Buna ek olarak dünyanın önde gelen ülkelerinde 2008’de
patlak veren küresel krizin etkilerinin halen sürdüğünün en önemli belirtisi
olan negatif faiz uygulamasının varlığı, bizim gibi ülkelere yönelen para
akışını hızlandırıyor. 15 Temmuz, böyle bir konjonktürde gerçekleşti. Kısacası,
uluslararası ekonomik atmosfer, Türkiye açısından işlerin daha da kötüleşmemesi
için ters yönde çalışan bir dinamik işlevi gördü. Bu anlamda, merkez ülkelerde
krizin sürekliliği, aralarında Türkiye’nin de olduğu ülkeler için hala büyümenin
teminatı.
Kuvvetli Politika Tepkisi
15 Temmuz akşamındaki ilk şokun atlatılması ardından
gözler 18’inde başlayacak ilk iş gününe çevrilmişti. Ani döviz çıkışı ihtimali
ve bankalarda likidite sıkışıklığı yaşanabileceği olasılığı temel endişe kaynaklarıydı.
Bu iki riske karşı ekonomi yönetimi kuvvetli bir politika tepkisi geliştirdi ve
18’indeki olası riskler bertaraf edildi.
Bunlardan ilki 17’si akşamı Mehmet Şimşek’in çok sayıda
uluslararası yatırımcı kuruluşun katıldığı bir telekonferans düzenleyerek dış
piyasaları bilgilendirmesiydi.
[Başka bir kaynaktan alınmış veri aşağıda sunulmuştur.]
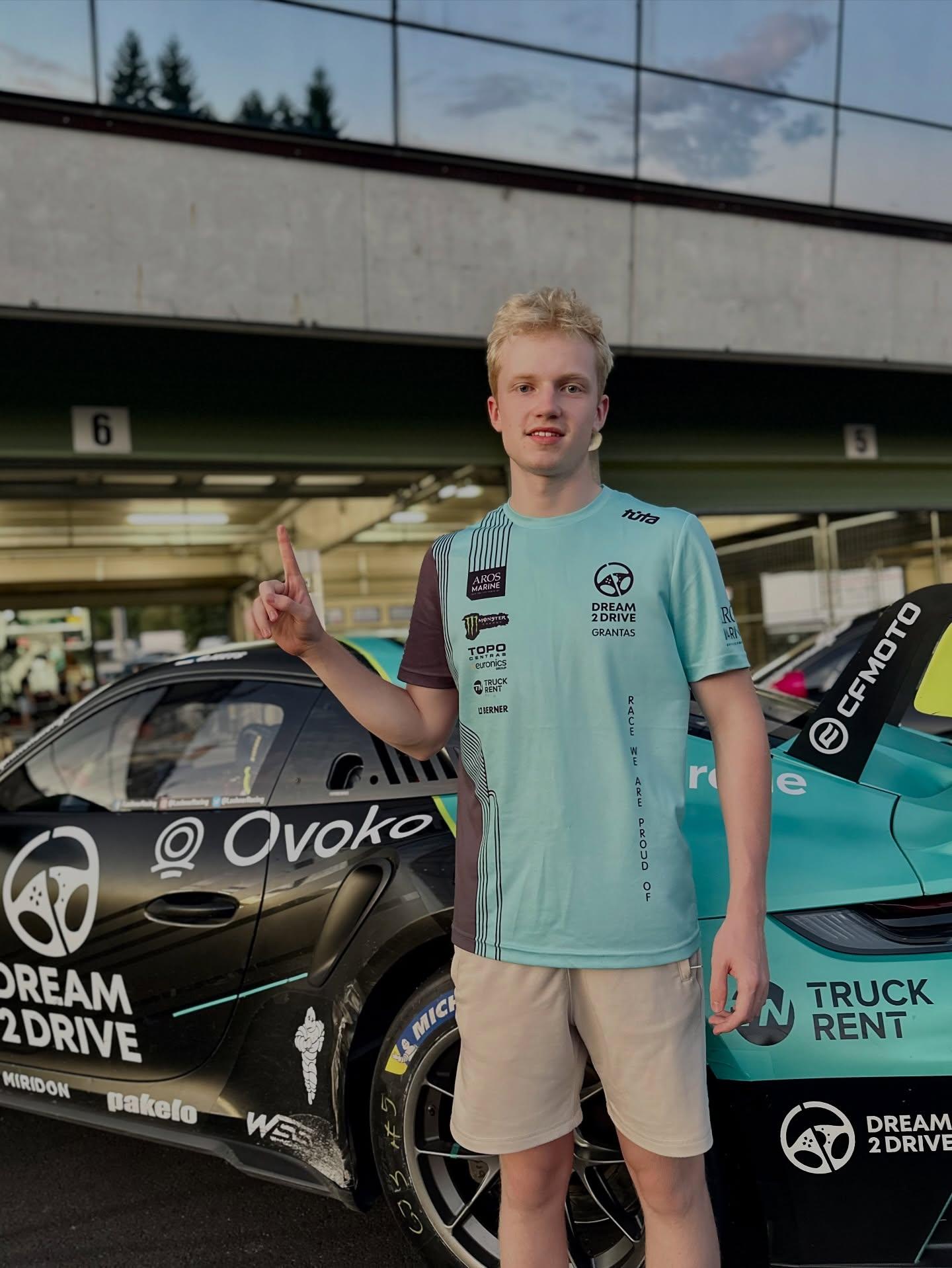 Dream 2 Drive esport champion next to the race car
Bu bilgilendirme toplantısının ikincisi Olağanüstü
Hal (OHAL) ilanından sonra 22 Temmuz’da, BGC Partners, Credit Suisse, Goldman
Sachs, HSBC ve JP Morgan tarafından ortaklaşa şekilde organize
edildi.
İkinci hamle, yine 17 Temmuz akşamında Türkiye Cumhuriyet
Merkez Bankası’ndan (TCMB)
geldi. “Finansal piyasaların etkin işleyişinin sürdürülmesi amacıyla” alınan
önlemlerin en önemlisi, bankaların ihtiyaç duyacağı likiditenin sınırsız olarak
sağlanacağının duyurulmasıydı. Bankacılık sisteminde oluşabilecek likidite
sıkışıklığının önlenmesine yönelik alınan bu önlem, 18’inde bankacılık
sisteminin işleyişi açısından kritikti.
Üçüncü kritik adım Sermaye Piyasası Kurulu (SPK)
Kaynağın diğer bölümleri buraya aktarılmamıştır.